Instructions for the task: Every record below must be retyped exactly, with the pictures left out.

Data for the task:
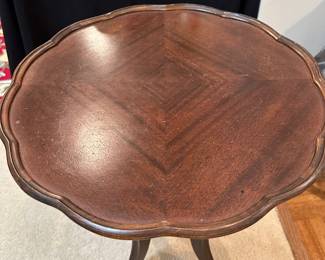 F50 - $45 pie crust side table. Measures 22" wide by 26" tall. Wiggly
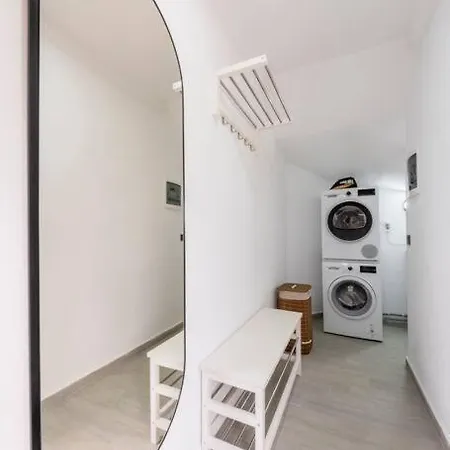 Appartement Center 2 Bedroom Calm Modern Garden Floor Flat - Yeni Dünya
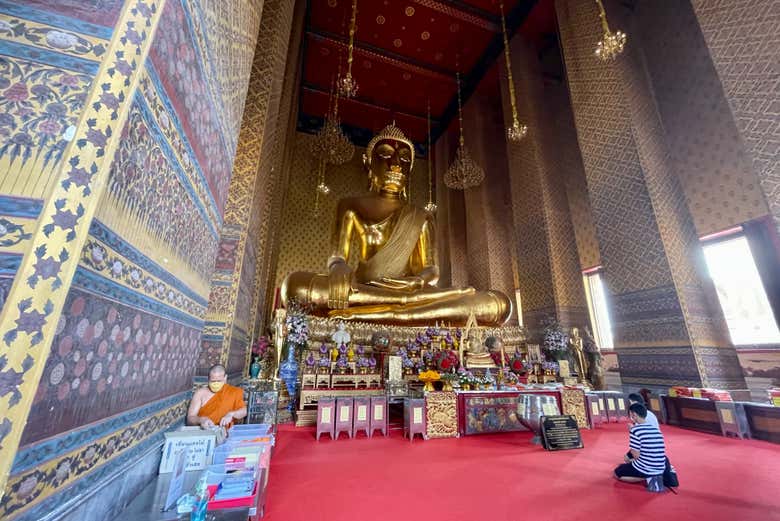 Statue de Bouddha au temple Wat Kalayanamit
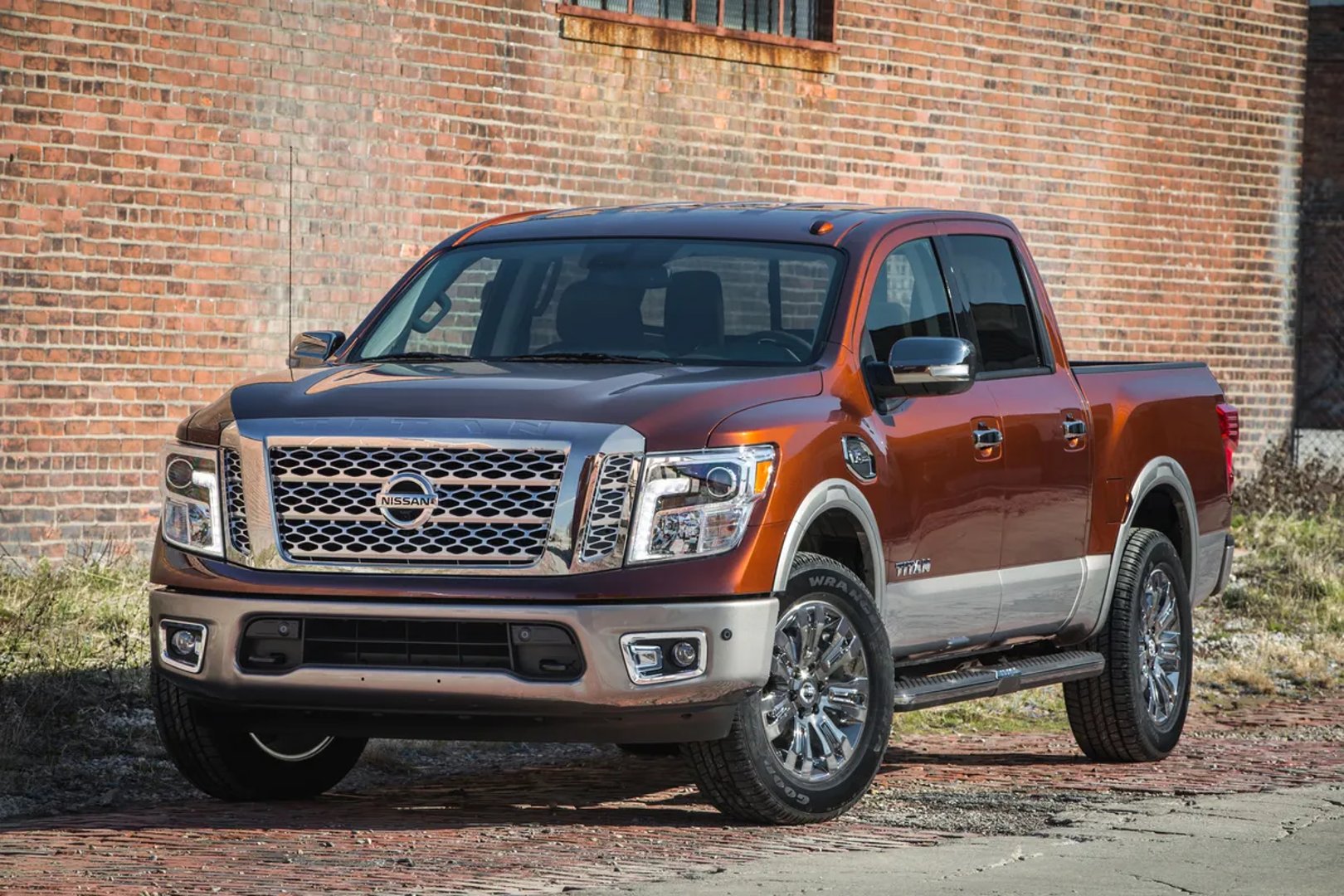 Nissan Titan 2 generation  Pickup double-cab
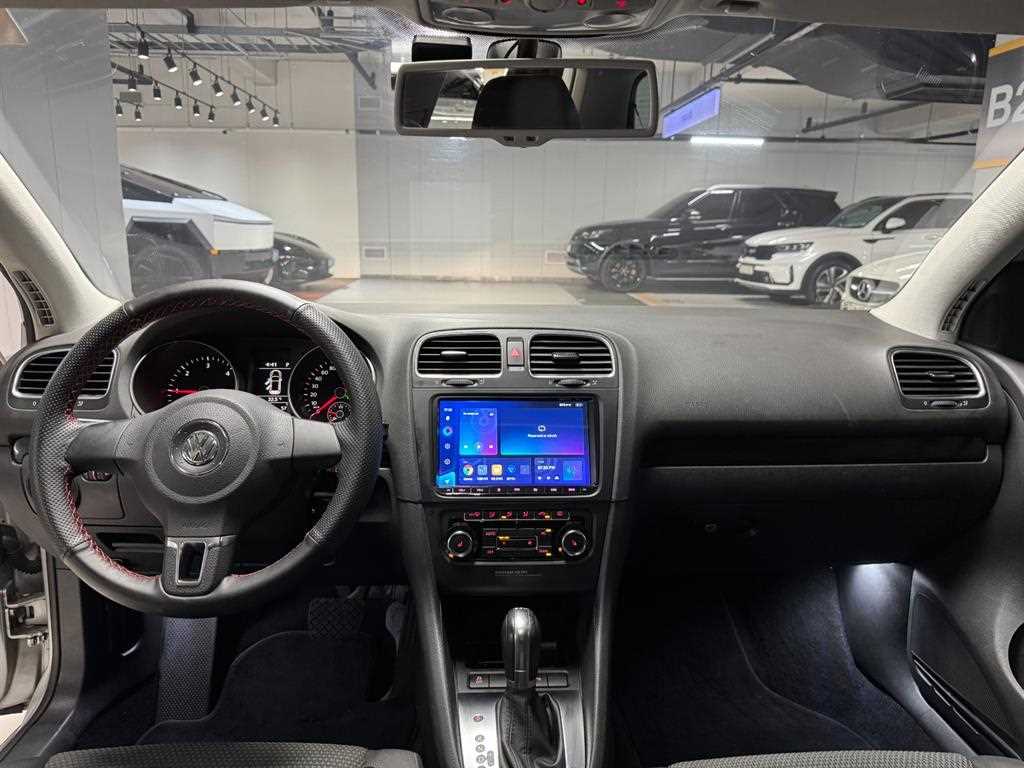 Volkswagen Golf — photo 10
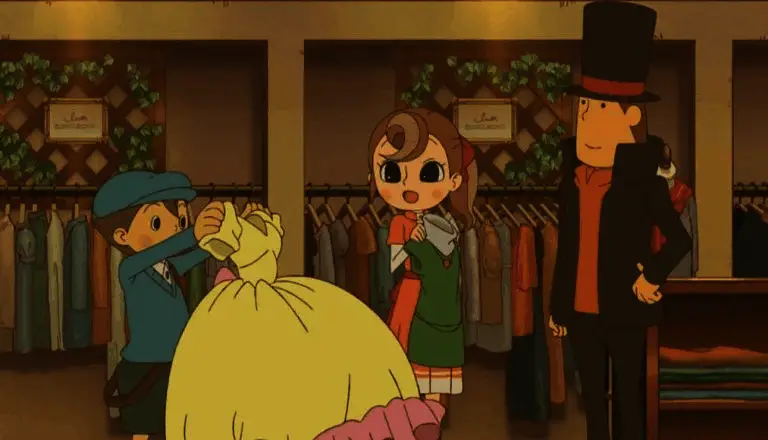 日野晃博在发布会上演讲，背景屏幕显示《妖怪手表》动画与游戏联动画面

Task response:
 F50 - $45 pie crust side table. Measures 22" wide by 26" tall. Wiggly
 Appartement Center 2 Bedroom Calm Modern Garden Floor Flat - Yeni Dünya
 Statue de Bouddha au temple Wat Kalayanamit
 Nissan Titan 2 generation  Pickup double-cab
 Volkswagen Golf — photo 10
 日野晃博在发布会上演讲，背景屏幕显示《妖怪手表》动画与游戏联动画面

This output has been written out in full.